# ASSIGNED TASK
Please repeat the records below exactly, from the first line through the line containing "low_poly_clay_saucer_and_candle", and nothing more.

(Short text fragments from websites)
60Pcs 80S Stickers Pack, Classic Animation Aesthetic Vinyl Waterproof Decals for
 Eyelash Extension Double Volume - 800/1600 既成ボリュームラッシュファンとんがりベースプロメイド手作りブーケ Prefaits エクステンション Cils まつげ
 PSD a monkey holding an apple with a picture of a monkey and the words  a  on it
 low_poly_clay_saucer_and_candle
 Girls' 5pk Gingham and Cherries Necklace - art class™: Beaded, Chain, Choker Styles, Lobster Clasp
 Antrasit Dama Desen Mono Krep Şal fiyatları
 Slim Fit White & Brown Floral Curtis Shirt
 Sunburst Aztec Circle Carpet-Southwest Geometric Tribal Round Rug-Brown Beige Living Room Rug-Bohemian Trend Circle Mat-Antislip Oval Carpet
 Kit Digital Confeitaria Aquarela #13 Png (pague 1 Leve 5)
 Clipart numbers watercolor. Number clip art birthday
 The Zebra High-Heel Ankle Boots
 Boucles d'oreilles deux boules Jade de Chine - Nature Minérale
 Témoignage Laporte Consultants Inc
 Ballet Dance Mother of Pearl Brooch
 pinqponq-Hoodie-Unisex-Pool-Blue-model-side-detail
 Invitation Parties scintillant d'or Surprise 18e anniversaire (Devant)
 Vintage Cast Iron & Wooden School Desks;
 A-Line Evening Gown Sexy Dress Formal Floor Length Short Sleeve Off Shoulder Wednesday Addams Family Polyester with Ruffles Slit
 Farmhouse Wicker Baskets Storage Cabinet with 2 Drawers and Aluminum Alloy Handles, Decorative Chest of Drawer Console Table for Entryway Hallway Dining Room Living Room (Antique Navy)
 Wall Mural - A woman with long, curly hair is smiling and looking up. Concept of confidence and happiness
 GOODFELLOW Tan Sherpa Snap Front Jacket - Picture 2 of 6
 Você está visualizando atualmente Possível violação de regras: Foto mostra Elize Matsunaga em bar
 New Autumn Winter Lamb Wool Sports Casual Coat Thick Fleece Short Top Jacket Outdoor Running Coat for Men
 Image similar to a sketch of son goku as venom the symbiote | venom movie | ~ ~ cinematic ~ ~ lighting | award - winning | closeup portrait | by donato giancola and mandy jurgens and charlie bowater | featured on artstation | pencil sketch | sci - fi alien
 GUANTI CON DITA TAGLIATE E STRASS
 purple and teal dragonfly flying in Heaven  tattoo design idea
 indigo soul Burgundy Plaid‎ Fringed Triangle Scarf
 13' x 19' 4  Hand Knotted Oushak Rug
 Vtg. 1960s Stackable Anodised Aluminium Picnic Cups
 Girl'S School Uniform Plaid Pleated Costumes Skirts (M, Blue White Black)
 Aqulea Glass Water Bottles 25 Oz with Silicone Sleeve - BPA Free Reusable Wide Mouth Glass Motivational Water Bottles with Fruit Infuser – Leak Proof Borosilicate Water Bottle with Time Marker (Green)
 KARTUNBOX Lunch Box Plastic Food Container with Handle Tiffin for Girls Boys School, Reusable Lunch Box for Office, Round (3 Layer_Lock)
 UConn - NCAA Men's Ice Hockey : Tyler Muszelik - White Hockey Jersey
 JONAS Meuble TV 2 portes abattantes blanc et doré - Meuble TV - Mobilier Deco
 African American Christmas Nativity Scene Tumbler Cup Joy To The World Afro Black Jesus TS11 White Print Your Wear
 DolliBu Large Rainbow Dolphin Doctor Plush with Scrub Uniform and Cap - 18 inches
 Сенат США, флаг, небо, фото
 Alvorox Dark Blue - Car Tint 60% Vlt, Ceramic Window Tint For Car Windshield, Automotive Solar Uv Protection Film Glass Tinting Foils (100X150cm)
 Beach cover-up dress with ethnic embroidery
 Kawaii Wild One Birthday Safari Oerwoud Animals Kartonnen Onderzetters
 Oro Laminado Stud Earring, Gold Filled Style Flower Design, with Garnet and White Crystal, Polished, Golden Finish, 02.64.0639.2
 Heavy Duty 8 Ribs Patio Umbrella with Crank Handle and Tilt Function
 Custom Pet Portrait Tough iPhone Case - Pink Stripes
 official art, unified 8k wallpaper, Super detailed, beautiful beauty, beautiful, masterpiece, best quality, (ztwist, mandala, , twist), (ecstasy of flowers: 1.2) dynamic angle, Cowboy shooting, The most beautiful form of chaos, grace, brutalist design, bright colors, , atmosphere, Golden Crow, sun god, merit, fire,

# TASK SOLUTION
60Pcs 80S Stickers Pack, Classic Animation Aesthetic Vinyl Waterproof Decals for
 Eyelash Extension Double Volume - 800/1600 既成ボリュームラッシュファンとんがりベースプロメイド手作りブーケ Prefaits エクステンション Cils まつげ
 PSD a monkey holding an apple with a picture of a monkey and the words  a  on it
 low_poly_clay_saucer_and_candle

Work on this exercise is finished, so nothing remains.